この項目にaccept-language
というフィールドがあります。
accept-language: ja,en-US;q=0.9,en;q=0.8
使っているパソコンが日本で購入したもので、ブラウザで特殊な設定をしていない限り、他の環境でも同じ値が入っているかと思います。
この詳細に関しては、Accept-Language – HTTP | MDNに書かれていますが簡単に説明します。
ja
のように言語名と;q=0.9
というようにq(quality value)が指定されて、,
で区切られて並べられています。qは優先度で、qの値が大きい方が優先されます。
q
はデフォルトで1であるため、この場合ja;q=1
となり、サーバーに日本語のコンテンツを要求して、存在しなければアメリカ英語(en-US)、…というようなリクエストを送ります。
この値はphpであればサーバー変数を用いて取得できます。
$_SERVER['HTTP_ACCEPT_LANGUAGE']
他の言語の場合も、言語の標準パッケージやフレームワークの機能などでHTTPリクエストの情報を取得する機能があるかと思います。
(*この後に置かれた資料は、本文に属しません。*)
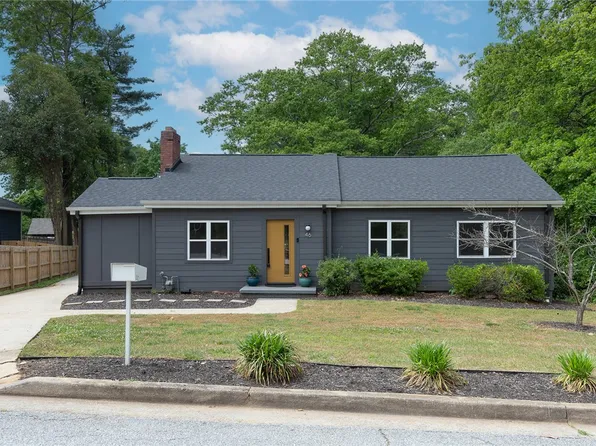 46 Briarcliff Dr, Greenville, SC 29607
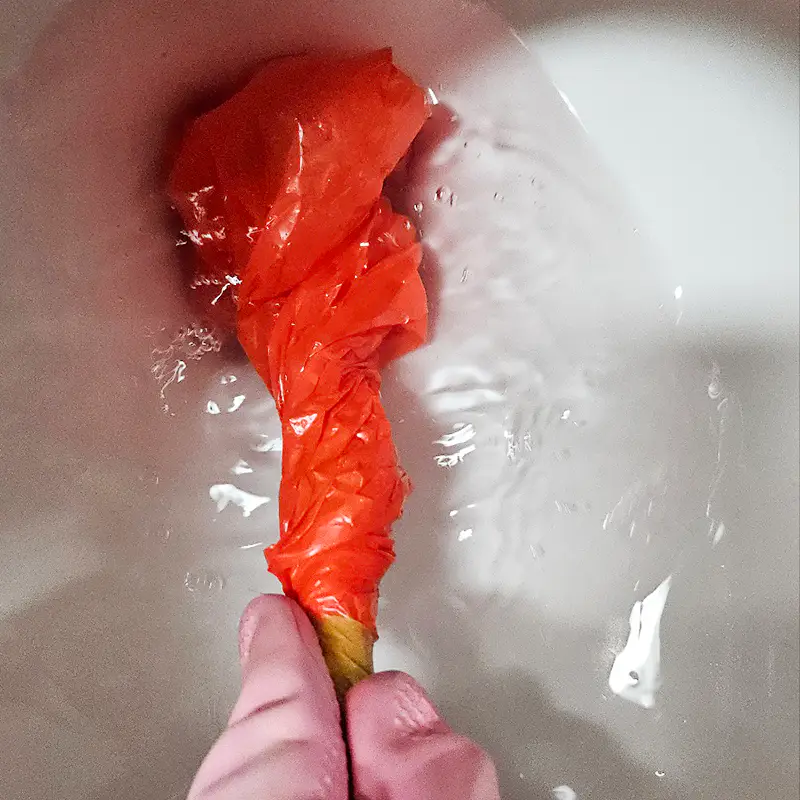 청소솔 넣고 쑤시기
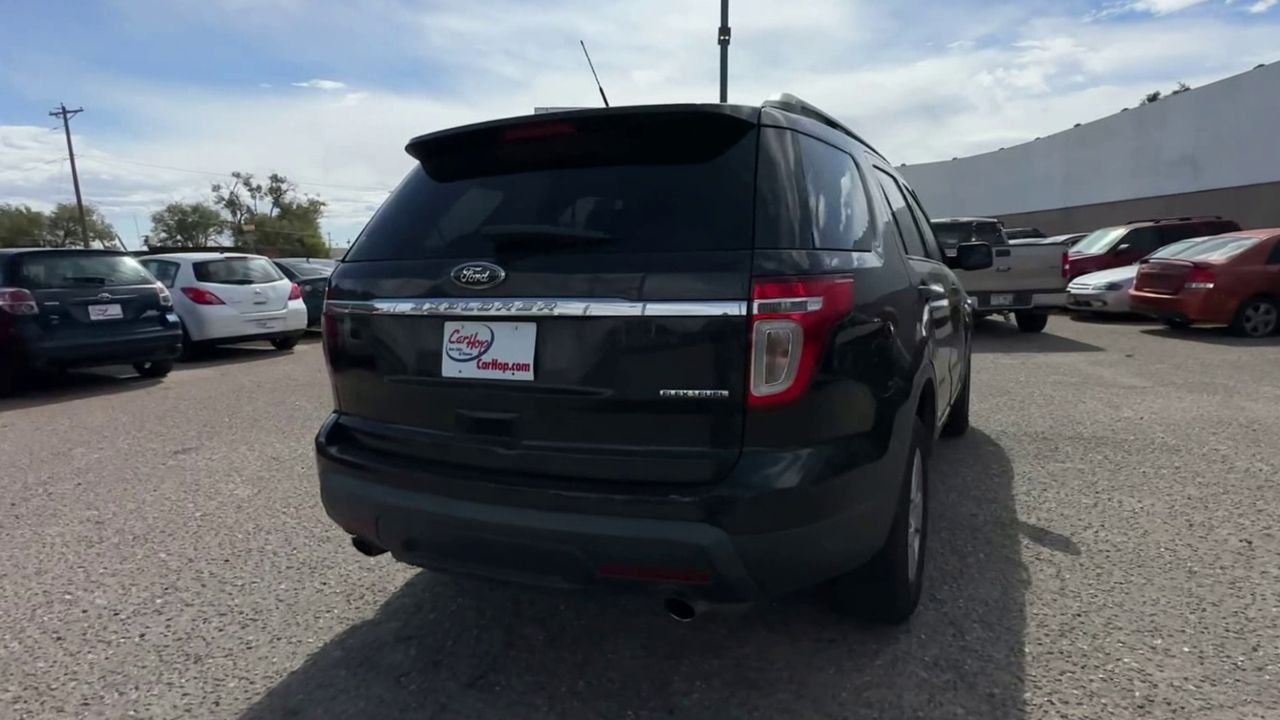 2013 Ford Explorer Base photo 2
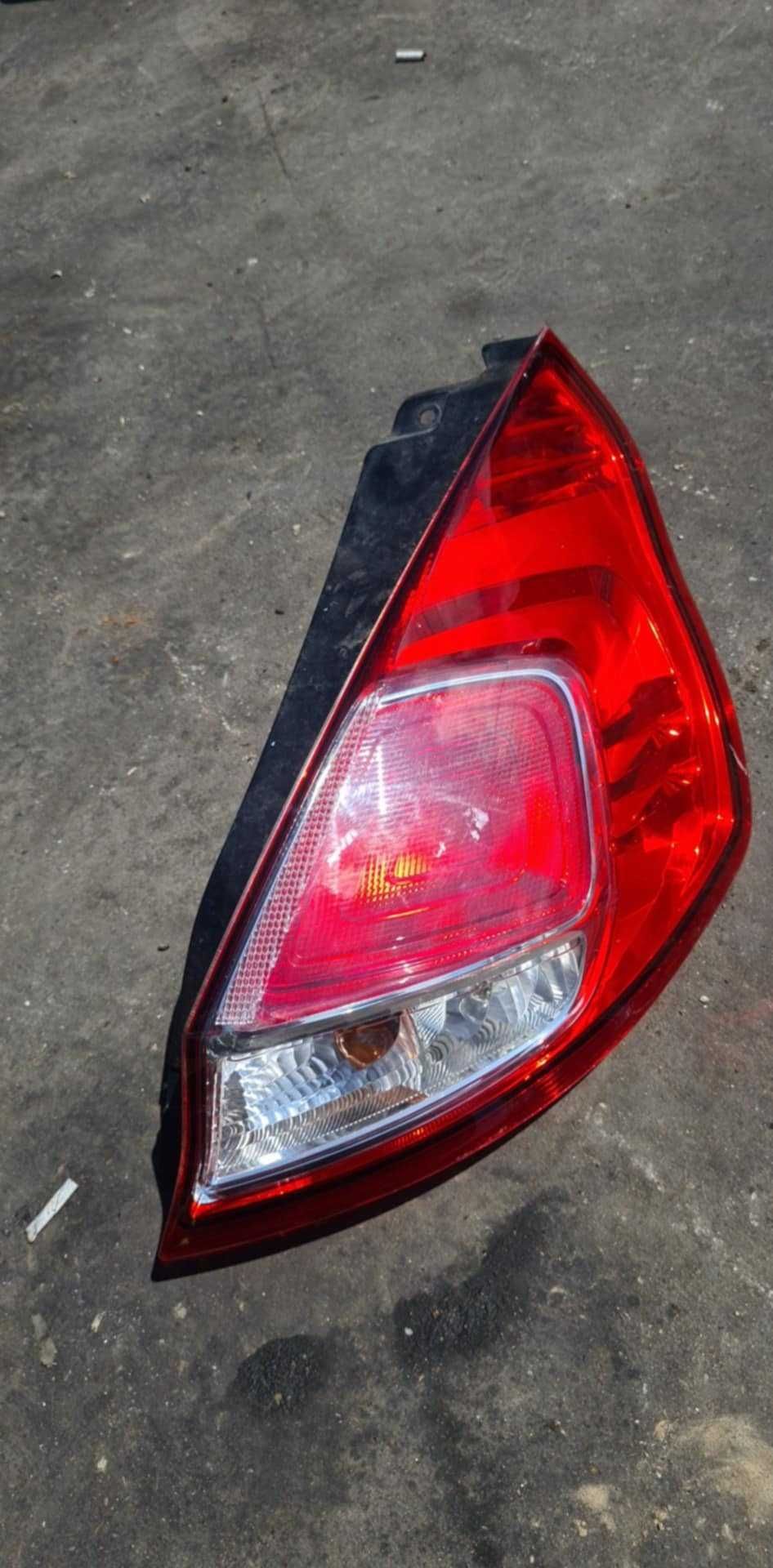 Stop tripla lampa dreapta spate Ford Fiesta an 2015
実際に、このリクエストヘッダの値を変えてどう表示されるかを見ていきますが、ブラウザの設定を変えるのは少々面倒なのでcurl
コマンドを用います。
-H
オプションでリクエストヘッダを指定できるので、先ほどの値で実行します。
curl 'https://twitter.com/' -H 'accept-language: ja,en-US;q=0.9,en;q=0.8'
そうすると以下のように日本語のhtmlが出力されます。
次に、ja
の部分をes
に変えて実行します。
curl 'https://twitter.com/' -H 'accept-language: es,en-US;q=0.9,en;q=0.8'
するとスペイン語(es)で表示されます。
以上のようにHTTPリクエストヘッダから欲しいコンテンツを指定できることを見てきましたが、ユーザーが明示的に変更して使うことは少ないため簡単な手がかりのようなもので、他で見てきたセッションやCookieなどの判別などと併用した場合、accept-languageの値は無視されることが多いです。
まとめ
今回は、多言語に対応する際の言語の判別方法を見ていきましたが、セッション、Cookie、HTTPというクライアントとWebサーバーとの通信で基礎となる技術の説明が多くなり少々長くなってしまいました。
HTTPリクエストヘッダをそれほどじっくり見たことはなかったですが、どういうデータの通信を行なっているかを見るだけでも色々知れて面白いのでChromeのデベロッパーツールをもっと有効活用したいと思いました。